§ **WHAT THE EXERCISE ASKS**
Write out only the final part of the records below. It begins with the line that contains "Or 14ct Italie estampillé" and ends with the last line.
------ DATA FOR REVIEW
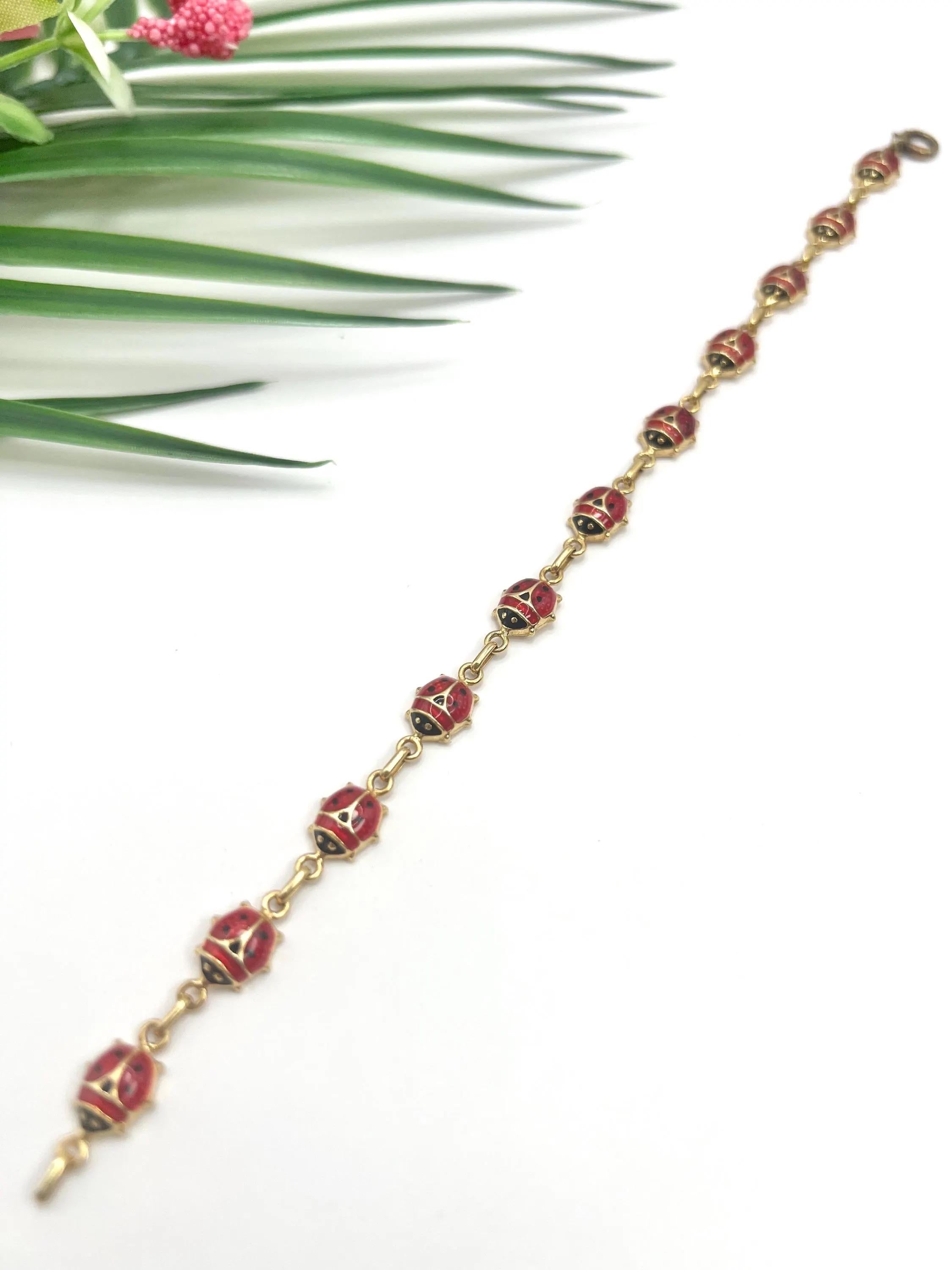 Bracelet coccinelle vintage

Or 14ct Italie estampillé

Circa 2000

Makers Mark B 

Rehaussez votre garde-robe estivale avec ce charmant bracelet vintage composé de 11 coccinelles exquises, chacune fabriquée en or jaune 14ct et ornée de leurs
------------
§ **SOLUTION FOR THIS EXERCISE**
Or 14ct Italie estampillé

Circa 2000

Makers Mark B 

Rehaussez votre garde-robe estivale avec ce charmant bracelet vintage composé de 11 coccinelles exquises, chacune fabriquée en or jaune 14ct et ornée de leurs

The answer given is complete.